In this assignment the objective was to pick three of my favorite books on one of my favorite subjects, where at least one of the books should have more than one author. For each book, I needed to document the title, author(s), and two or three other attributes that I found interesting. Then, take the information that I had selected about these three books, and separately create three files which store the book’s information in HTML (using an html table), XML, and JSON formats (e.g. “books.html”, “books.xml”, and “books.json”). Lastly, write R code, using packages of my choice, to load the information from each of the three sources into separate R data frames. Finally, note if the three data frames are identical or not.
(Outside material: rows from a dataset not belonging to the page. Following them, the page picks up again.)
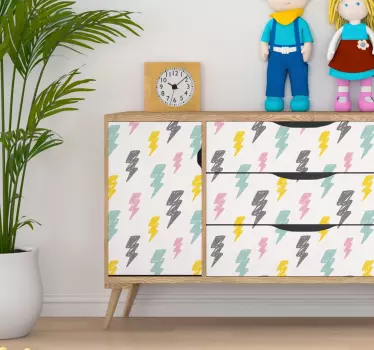 lightning bolt sticker for kids furniture - TenStickers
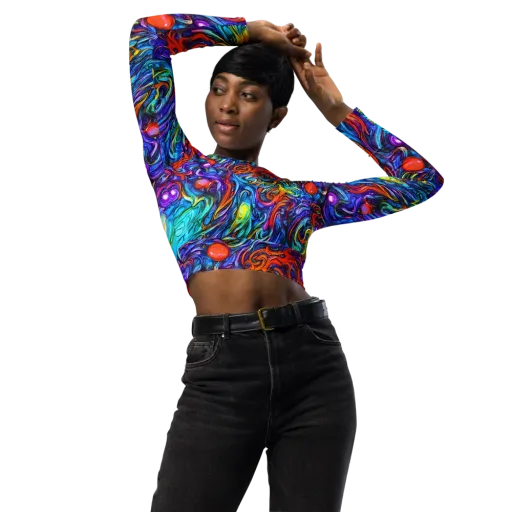 Saturated Swirl on a Long Sleeve Crop Top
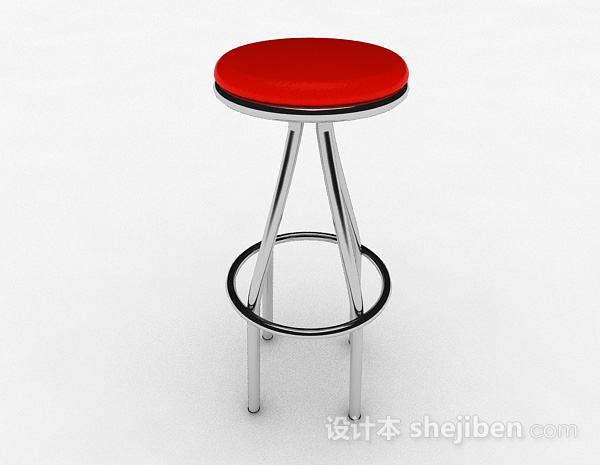 设计本红色圆形吧台凳3d模型下载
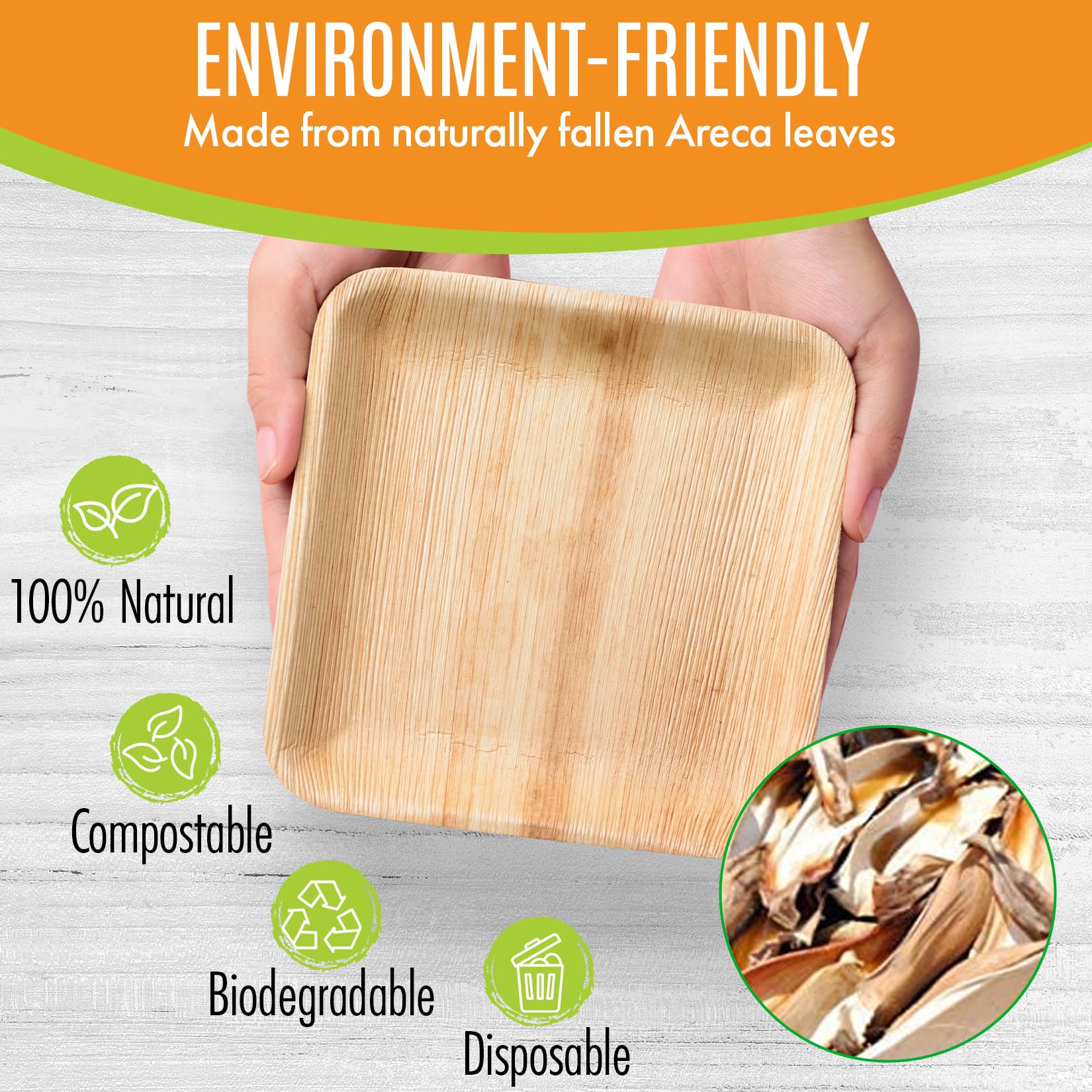 Raj Palm Leaf Plates Bulk [50-Pack] 10" & 7" Square Plates (100 CASES - 5000 PACK) like Bamboo plates Disposable, Strong, Decorative Compostable Tableware for weddings, Lunch, Dinners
To begin this assignment - I chose three books relevant to data science ethics that I found interesting and I included the title, author(s), as well as a link for where the book can be accessed or purchased and a link to a relevant talk on youtube about the book. Below is the information for each book.
Title: Data Feminism
Author(s): Catherine D’Ignazio and Lauren F. Klein
Link to book: https://data-feminism.mitpress.mit.edu/
Link to relevant youtube talk: https://www.youtube.com/watch?v=guIxU_hK4aY&ab_channel=LSE
Title: Artificial Unintelligence
Author: Meredith Broussard
Link to book: https://mitpress.mit.edu/9780262537018/artificial-unintelligence/
Link to relevant youtube talk: https://www.youtube.com/watch?v=3PIpCD_hO-g&ab_channel=Triangulation
Title: Algorithms of Oppression
Author: Safiya Umoja Noble
Link to book: https://nyupress.org/9781479837243/algorithms-of-oppression/
Link to relevant youtube talk: https://www.youtube.com/watch?v=UXuJ8yQf6dI&ab_channel=TEDxTalks
To start, I will load the required packages. The rvest
library assists in getting data from a html file into R. The
jsonlite
library assists in getting data from a json file
into R. The XML
and methods
libraries assist
in getting data from an xml file into R.
library(kableExtra)
library(rvest)
library(tidyverse)
library("XML")
library("methods")
library(jsonlite)
library(httr)
Use rvest functions to read the html table into an r dataframe.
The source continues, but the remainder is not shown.